Finora soltanto con la nascita dell’euro si è riusciti ad aprire una breccia significativa in questo muro istituzionale refrattario ad ogni esercizio di potere sovranazionale. Con risultati prodigiosi: basti pensare in quanti pezzi si sarebbe polverizzato lo stesso mercato unico se le grandi crisi degli ultimi vent’anni avessero incrociato un’economia europea ancora spezzettata in quasi trenta monete nazionali. A salvarci da questi scenari da incubo – è bene ricordarlo – è stato il coraggio politico di due grandi costruttori dell’Europa, quali Valéry Giscard d’Estaing ed Helmut Schmidt che contro tutto e tutti sono riusciti a rompere il tetto di cristallo e a far passare il principio della coesistenza nel condominio comunitario di paesi con e senza la moneta unica. Con questo arrivando a far riconoscere la banale verità che sarebbe stato impossibile procedere tutti insieme appassionatamente. Principio di verità che oggi suona di specifica attualità dinanzi alla pressante necessità di affiancare al baluardo della moneta unica una forza militare comune in grado di scoraggiare a priori gli appetiti feudali del risorto imperialismo zarista. Torniamo perciò a rimettere gli stivali sulla dura terra. Anziché trincerarci dietro lo schermo del potere di veto che impedirebbe di forzare il passo, cominciamo col riconoscere che questo vincolo dell’unanimità è retaggio di una visione onirica dell’unione europea perché la regola «uno vale uno» avrà anche un bel suono egualitario ma contraddice le più elementari leggi della fisica politica. In quanto svilisce oltre il ragionevole sia peso sia ruolo di quelle differenze qualitative e quantitative fra i singoli paesi che restano comunque insopprimibili: soprattutto in termini concreti di dati demografici, economici, geopolitici e militari.
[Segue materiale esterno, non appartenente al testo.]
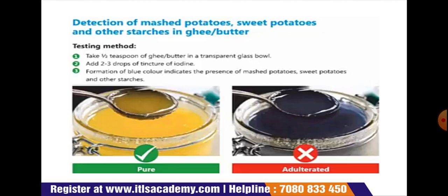Next test is the detection of mashed potatoes, sweet potatoes, and other starches in ghee or butter. Take half a teaspoon of ghee or butter in a transparent glass bowl and add 2 to 3 drops of tincture of iodine. Formation of blue color indicates the presence of mashed potatoes, sweet potatoes, or other starches. The diagram shows pure and adulterated ghee — the appearance of blue color confirms the presence of starch.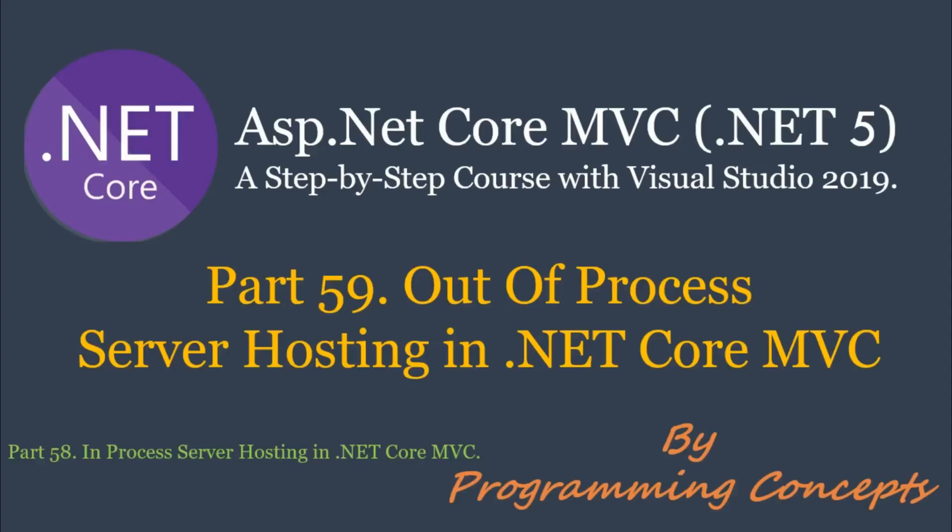Hello friends, welcome to Programming Concepts. My name is Amit and this is part 59 of ASP.NET Core MVC Tutorial. In this video, we will learn out-of-process server hosting in .NET Core MVC and we will implement it practically.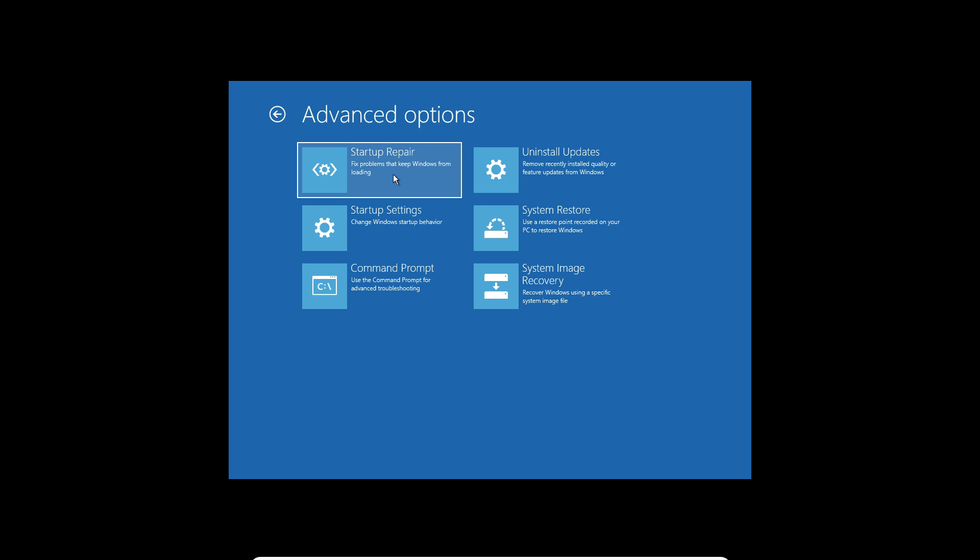Once you click on Startup Repair, your computer will automatically boot up, restart, and try to fix the startup error on your computer. If the Startup Repair didn't fix it, you need to select Command Prompt.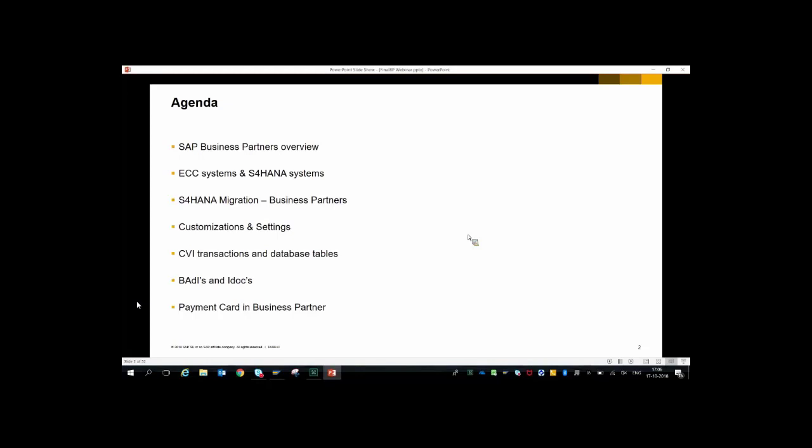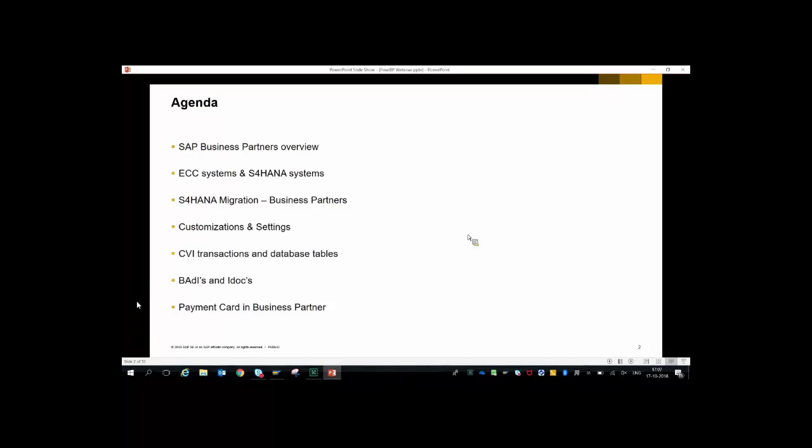Welcome to SAP Business Partner. We'll cover what exactly a business partner means, the transactions involved in ECC and S/4HANA systems, how business partner behaves in ECC versus S/4HANA, S/4HANA migration from a business partner perspective, customizing and settings, CVI transactions and database tables relevant to customer and vendor master, address management, BAdIs and IDocs like DEBMAS and CREMAS, and payment cards in business partner.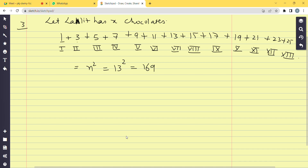Adding up: 1+3+5+7+9+11+13+15+17+19+21+23+25 = 169, which confirms our answer using the formula that the sum of the first n odd numbers equals n² = 13² = 169.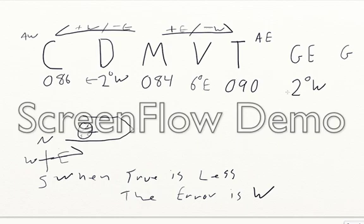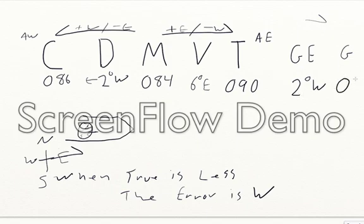So in this case, the error is west, so true has to be less. So we want to add it going in this direction. So true 090 plus 2 degrees is going to give us a gyro compass heading of 092.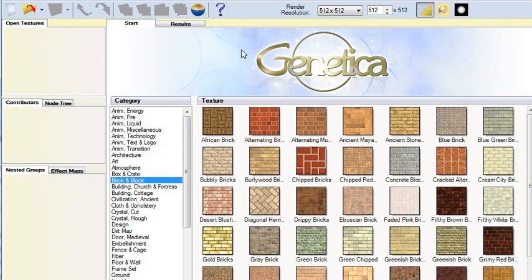We're going to look at the basic node manipulations that are at the heart of using Genetica. Start a new document by clicking the New button.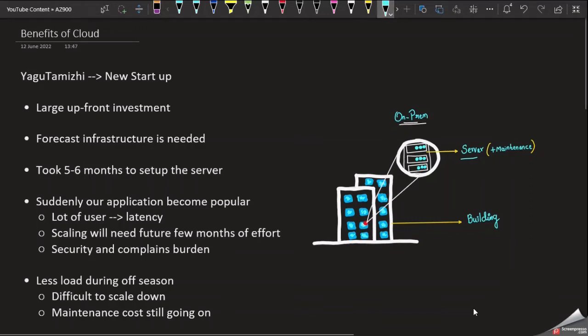Hi everyone, welcome to Yagu Tamil. In this video, we are going to discuss in the Tamil language. If you want to find the same video in English, you can find the link in the description. We are going to talk about the benefits of cloud computing.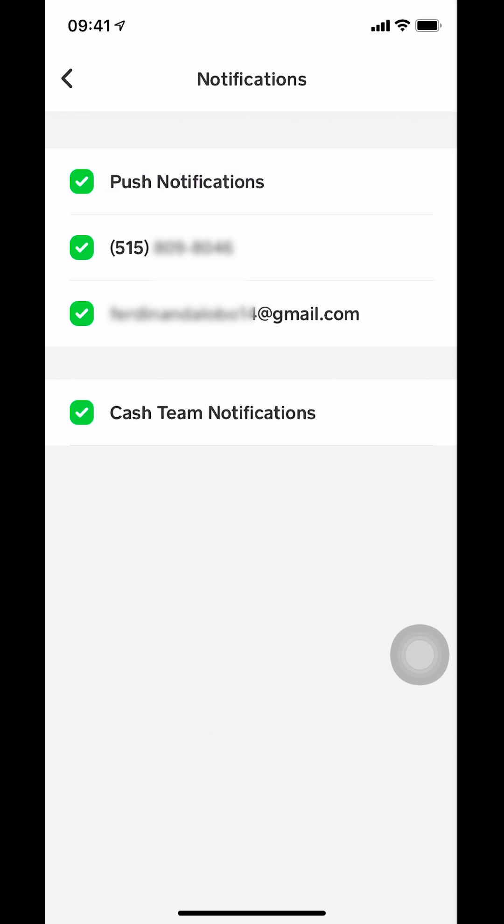Once you tap on that they're gonna give you a green color or a green check mark in the box. That means you already turned on the push notification. And that's how you turn on push notification on your Cash App.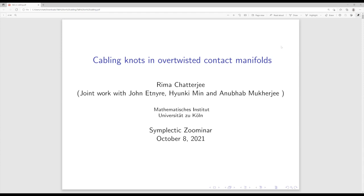Our last speaker for today is Rima Chatterjee from the University of Köln, who will tell us about cabling knots and overtwisted contact manifolds. Thank you, and thank you to the organizers for having me. Today I'm going to talk about cabling knots in overtwisted contact manifolds, and all this work is joint with John Ignat, Hunkim Min, and Anubha Mukherjee.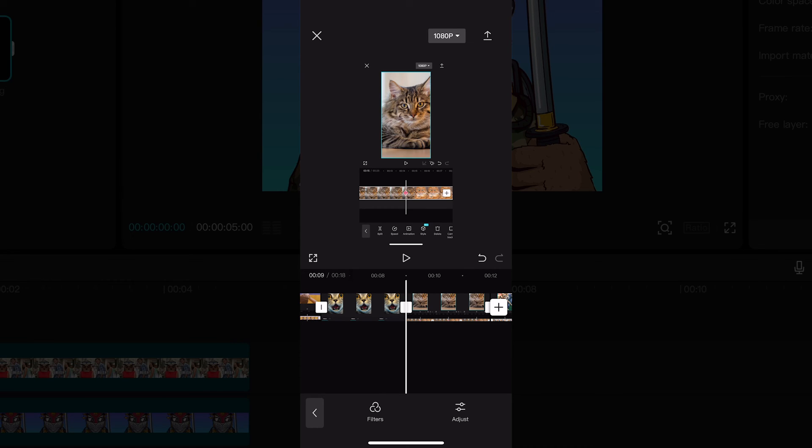And that is how you add photos to CapCut. I hope you did indeed enjoy this video. If you did, please make sure to smash the like button and subscribe for more CapCut tutorials.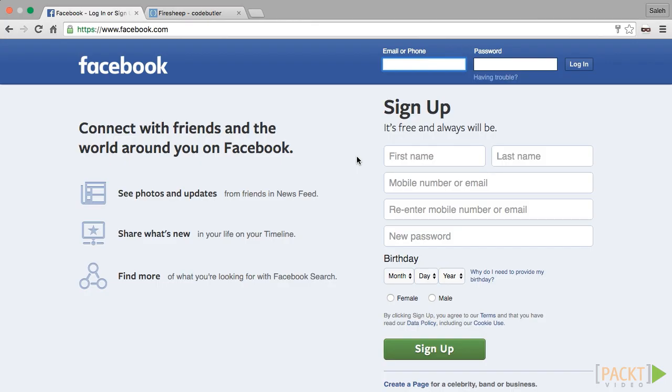About four years ago, Facebook had a major security issue. On the login page, Facebook was using HTTPS, so eavesdroppers could not get users' usernames and passwords. After the users signed in, all of Facebook ran on HTTP.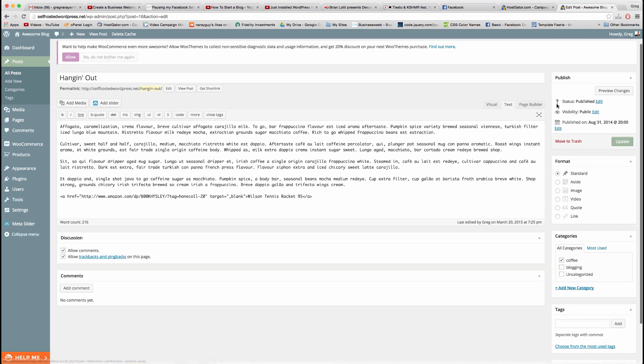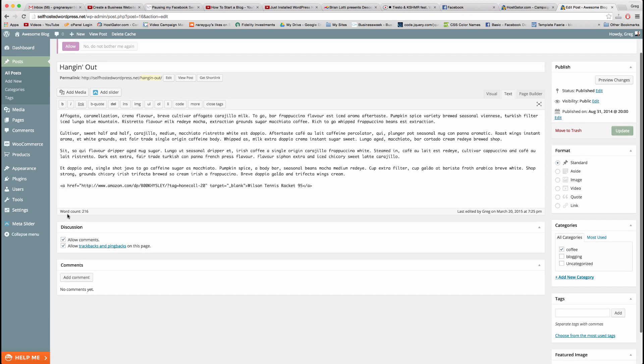Close screen options and then uncheck allow comments and uncheck allow trackbacks and pingbacks on this page and update.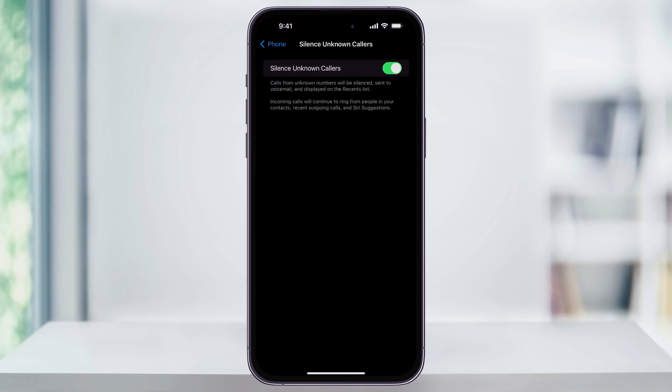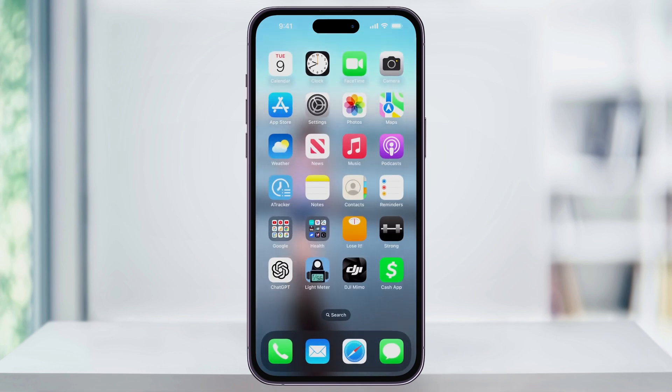Select this option, and then inside of here toggle the slider on. Once you do this, any call from an unknown number will be silenced and then sent to voicemail, but they'll still be displayed inside of your recent calls list. This way, you'll know that you received the call without being notified. You'll still get incoming calls from people in your contacts or from your recent outgoing calls. Once you have this option turned on, you can close settings and continue using your phone like normal.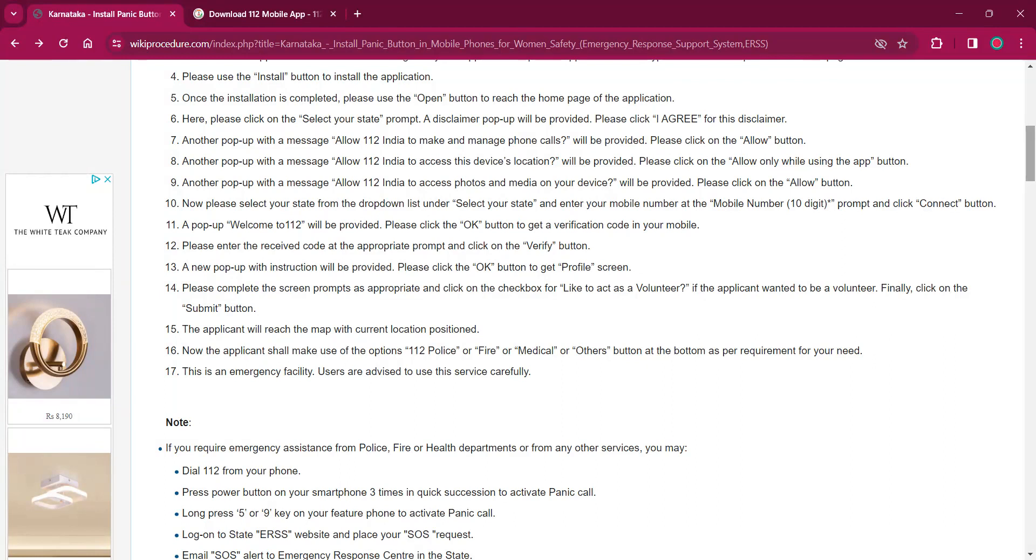A pop-up message welcome to 112 will be provided. You have to click on OK button to get a verification code on your mobile. You will have to enter the code and click on OK button.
Tutte complessità e differenziazioni destinate ad accrescersi ed approfondirsi data la lunga lista d’attesa dei paesi, in particolare dell’Est, che bussano alle porte dell’Unione. Sarebbe un errore drammatico sbattere la porta in faccia a tutti costoro, a cominciare dall’Ucraina. Per evitare che la costruzione imploda su se stessa si tratta di aggirare pragmaticamente il vincolo dell’unanimismo e aggrapparsi al metodo euro: avanti in base al chi ci sta, ci sta. Così accettando che nel sistema istituzionale dell’Unione coesistano soci di serie A e di serie B ovvero soci più o meno avanzati sul terreno dell’integrazione dei rispettivi poteri sovrani. Occorre, insomma, fare un bagno nella realtà della storia continentale riconoscendo che il cammino della Ue può meglio progredire con processi di ordinata sottrazione piuttosto che di torrentizie addizioni.

Si può sperare che nella campagna in corso almeno le forze politiche maggiori si pronuncino su questi nodi strutturali della costruzione Ue?